Many Oaklanders may have assumed that when Proposition 64 passed in 2016 that they would soon be able to buy cannabis legally no matter where they lived.
“Actually, that’s not what the law said,” said Kaplan. “A lot of people don’t realize this and come January first when they say ‘OK, where can I buy legal pot?’ they may be surprised to find out there are very few places.”
While individual possession of cannabis will be legal for adults over 21, the state leaves it up to city and county governments to regulate the sale and manufacture of cannabis-related products within their limits.
“It is up to individual cities to legalize [cannabis] and depends entirely on the actions of local governments to issue permits,” said Kaplan.

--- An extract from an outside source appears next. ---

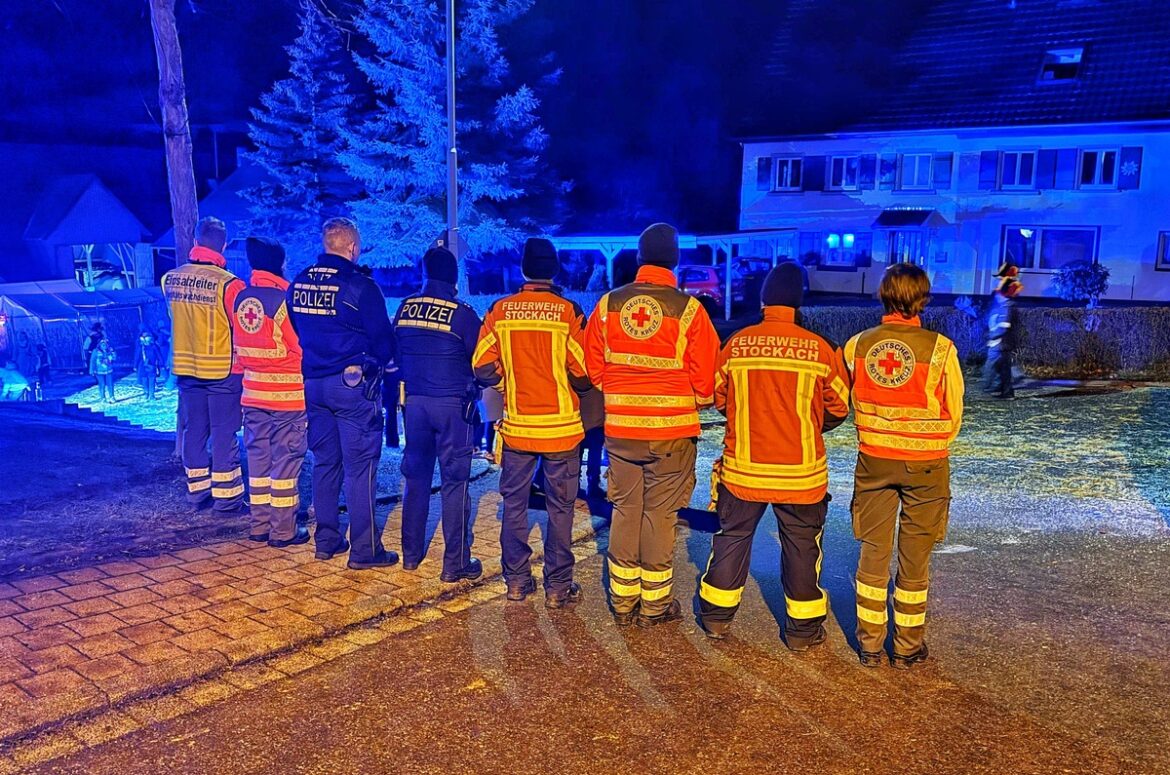 Frohe Narri-Narren: Feuerwehr Stockach feiert 50 Jahre Jubiläum!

On hold for the moment is Kaplan’s amendment to expand the allowable green zone in which cannabis-related businesses can operate. The amendment, co-sponsored by Councilmember Noel Gallo, will be tabled until the December 5th meeting to give time for the council to consider potential consequences.
Also worth noting is the city’s ongoing commitment to its cannabis equity program, granting half of all permits for the sale and manufacture of cannabis to Oaklanders who've been negatively impacted by marijuana prohibition.
“We recognize that the war on drugs has been a stupid, racist mistake and are actively undoing the damage,” said Kaplan. “We’re looking to do it in a way that restores the economic benefit [of cannabis] to groups who have been harmed by prohibition.”
Although yesterday's vote is a win for canna-business, Kaplan cautions that Oakland’s city charter requires two rounds of voting on any new ordinance.
Even though the new rules passed a first round with unanimous approval, it must pass a second vote, now scheduled for Tuesday, November 28th at 5:30pm.